_Work to complete_.
I'd like the data below restated word for word, with the pictures left out.

(Items from a data source)
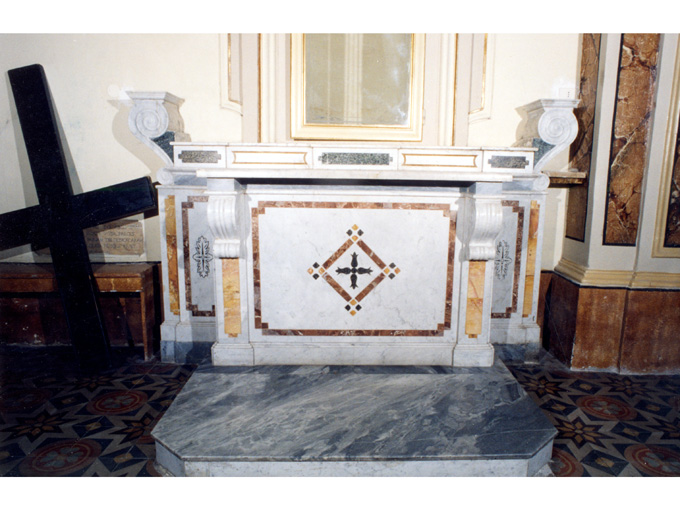 altare - ambito Italia meridionale (inizio sec. XX)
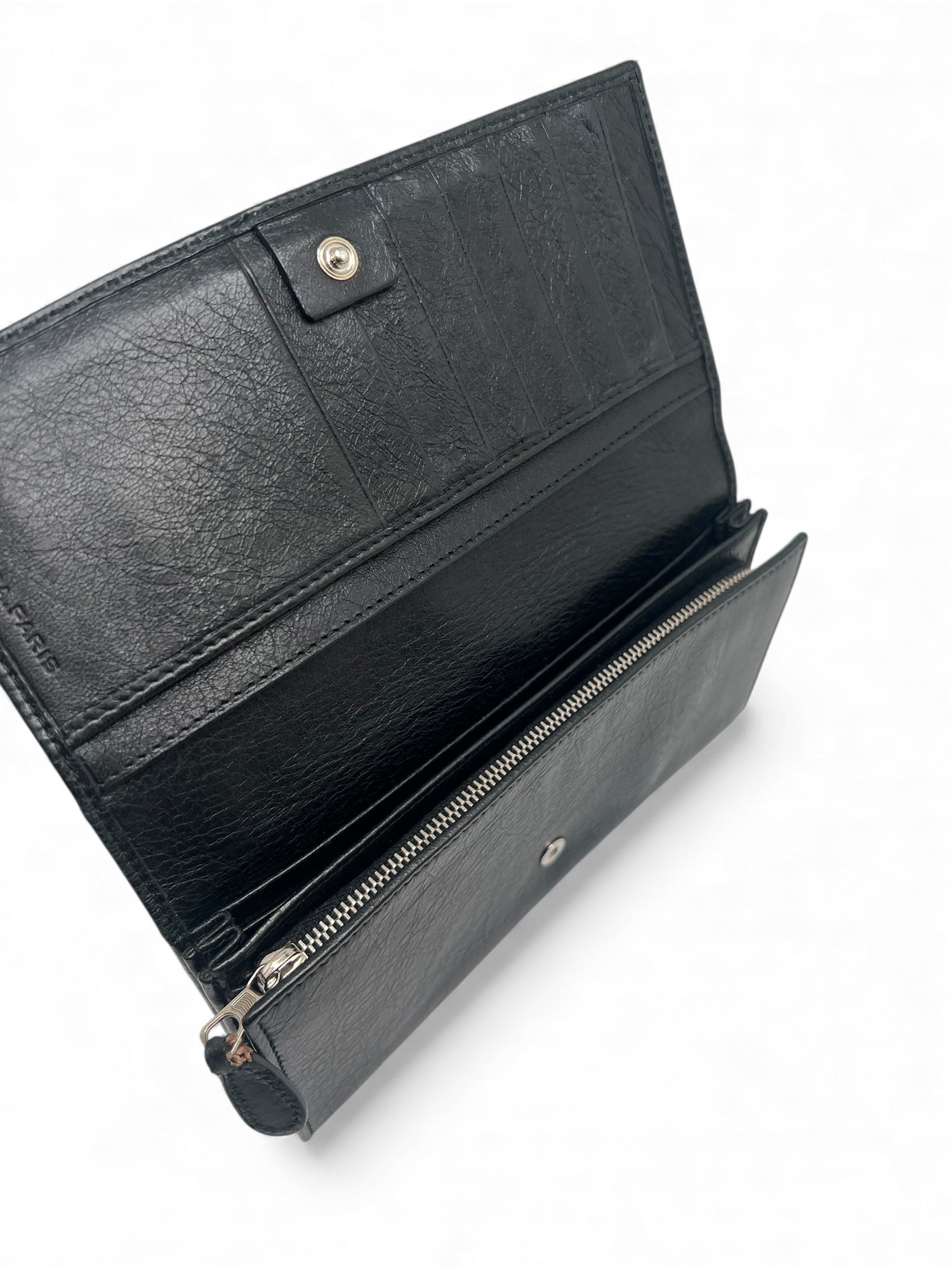 Balenciaga - Portefeuille en cuir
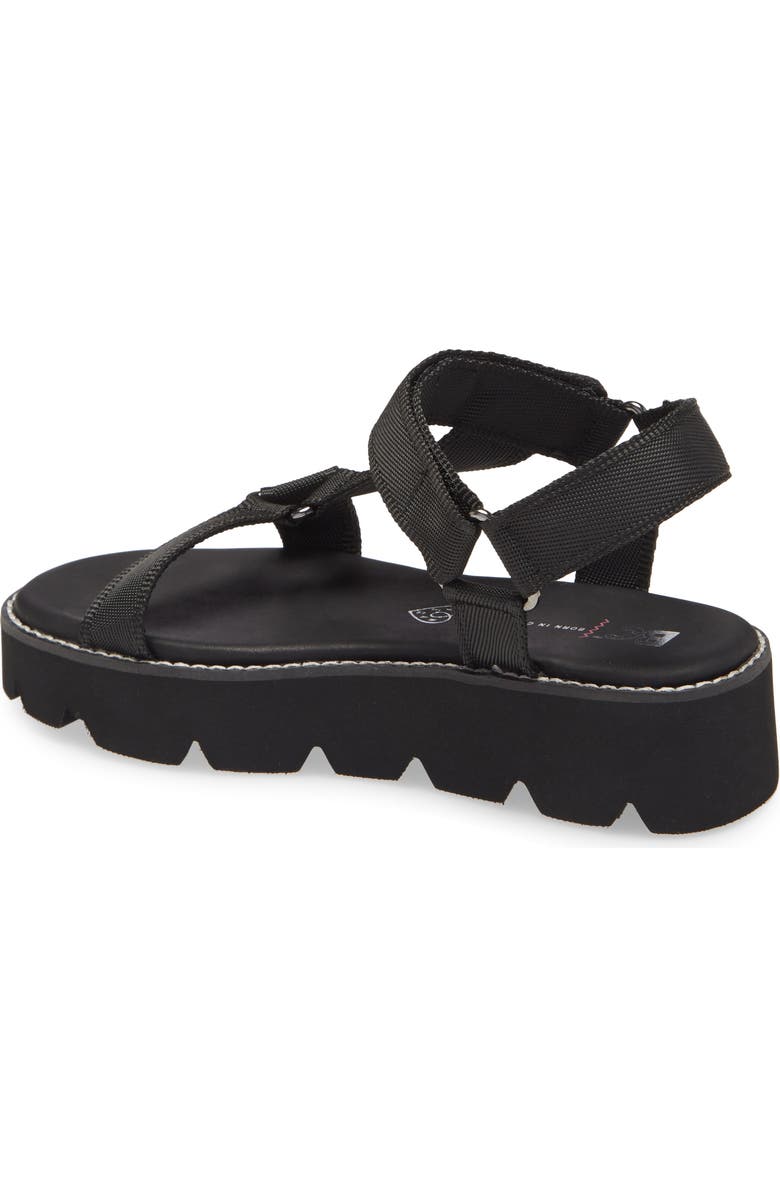 BC Footwear Eye On The Prize Quarter Strap Platform Sandal, Alternate, color,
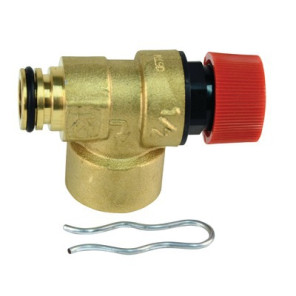 Valvola sicurezza 3 bar 1/2"- DIFF pour De Dietrich Chappée - 0295190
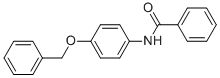 CAS#: 1097-35-4, N-[4-(Phenylmethoxy)Phenyl]-Benzamide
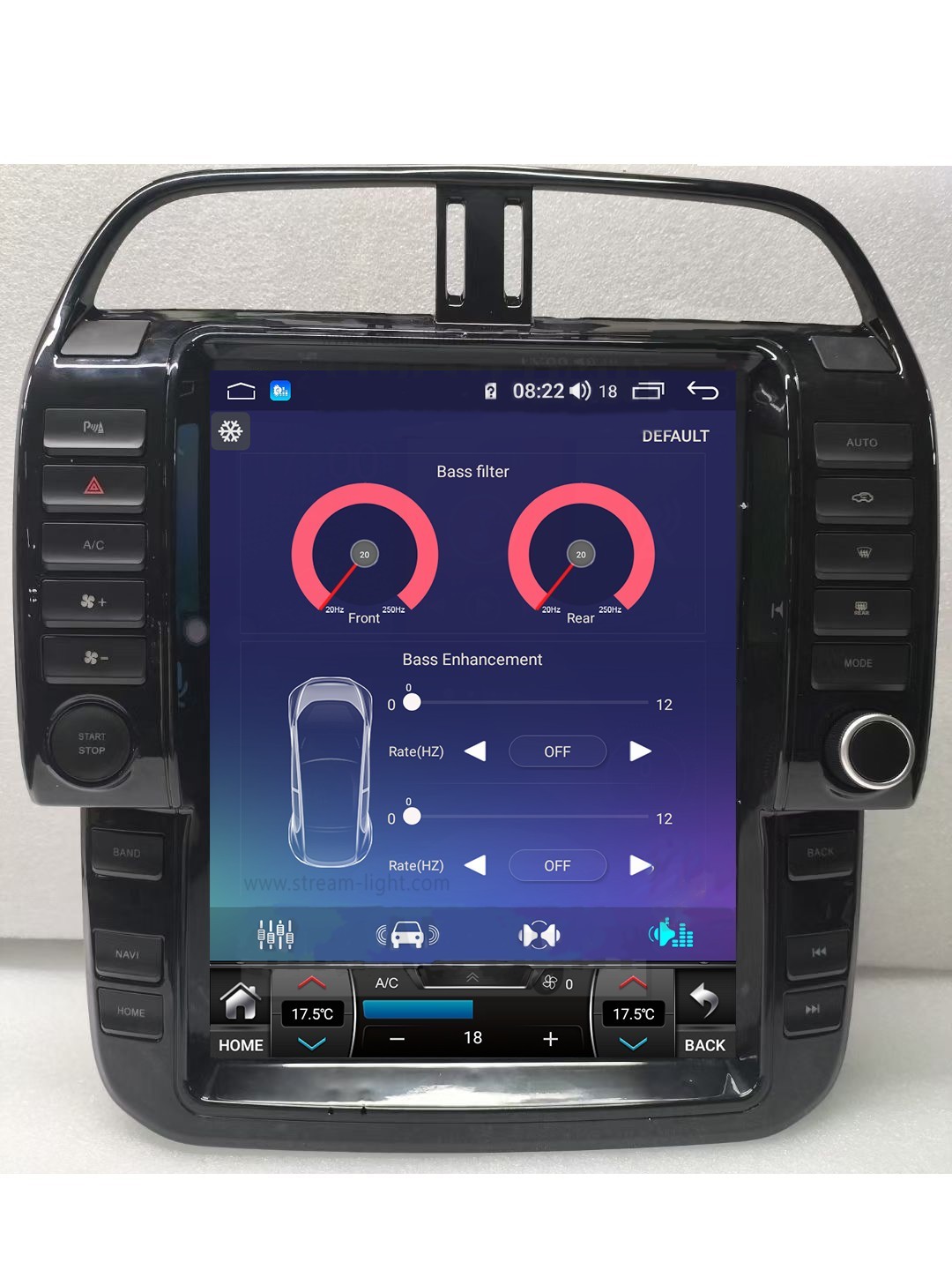 12.1” For Jaguar F-PACE 2016-2019 Android 13 Car Stereo Radio Carplay GPS Navi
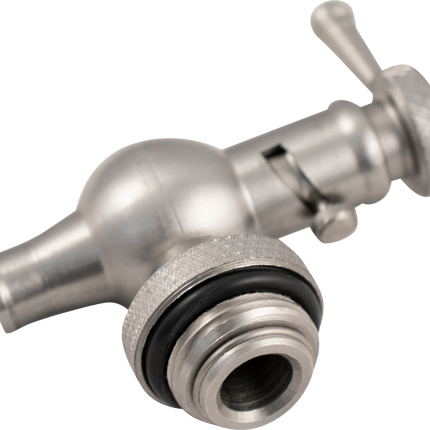 Sansone 340 Stainless Fusti Tap - 1/2 in. BSP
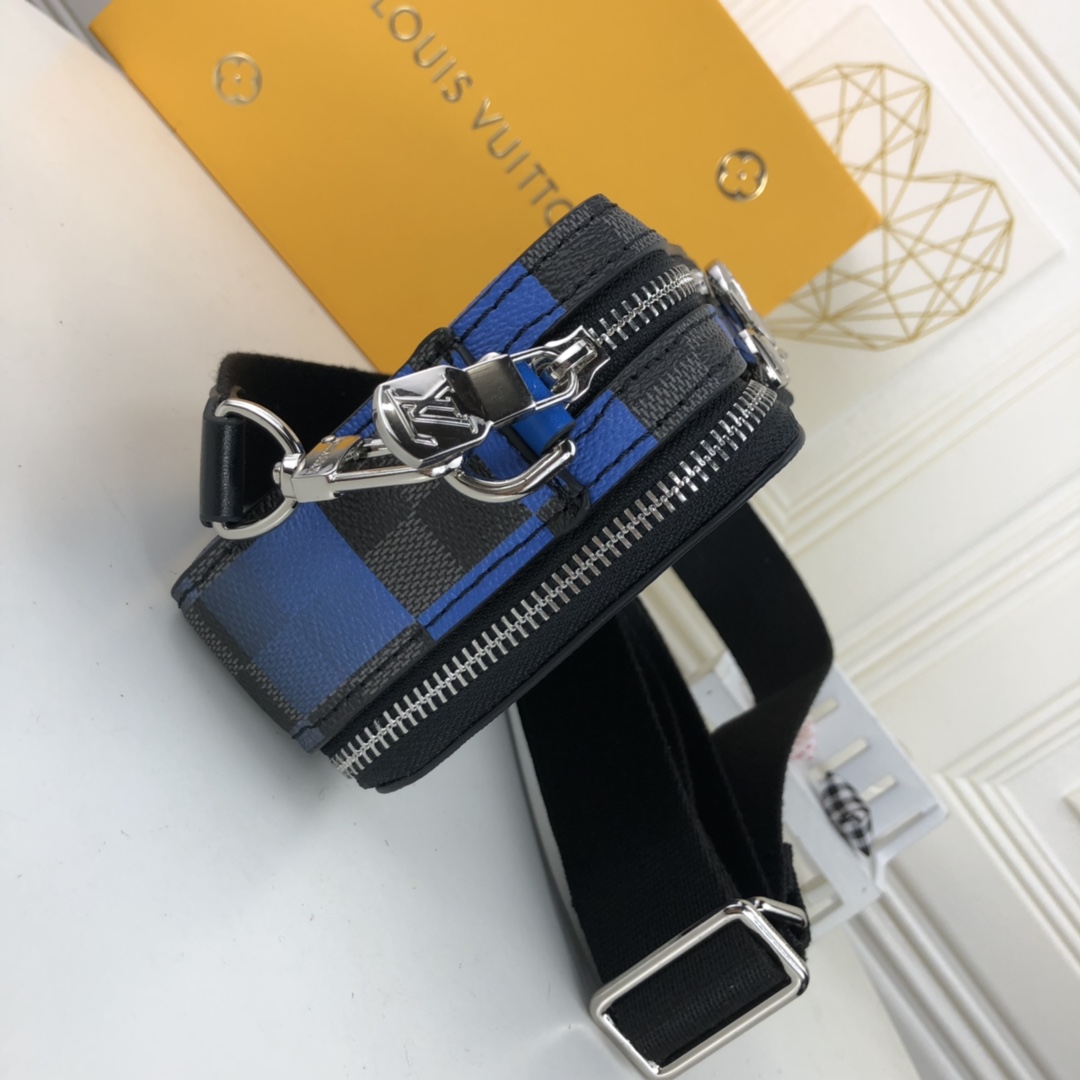 Louis Vuitton alfa billetera portátil-5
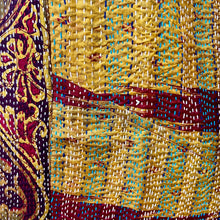 Load image into Gallery viewer, Kantha Stitch 4824 Barcelona Jacket, Size Small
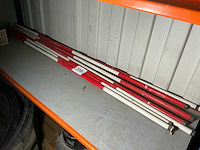 200cm meetstok (7x) - afbeelding 1 van  3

_Response area_.
 altare - ambito Italia meridionale (inizio sec. XX)
 Balenciaga - Portefeuille en cuir
 BC Footwear Eye On The Prize Quarter Strap Platform Sandal, Alternate, color,
 Valvola sicurezza 3 bar 1/2"- DIFF pour De Dietrich Chappée - 0295190
 CAS#: 1097-35-4, N-[4-(Phenylmethoxy)Phenyl]-Benzamide
 12.1” For Jaguar F-PACE 2016-2019 Android 13 Car Stereo Radio Carplay GPS Navi
 Sansone 340 Stainless Fusti Tap - 1/2 in. BSP
 Louis Vuitton alfa billetera portátil-5
 Load image into Gallery viewer, Kantha Stitch 4824 Barcelona Jacket, Size Small
 200cm meetstok (7x) - afbeelding 1 van  3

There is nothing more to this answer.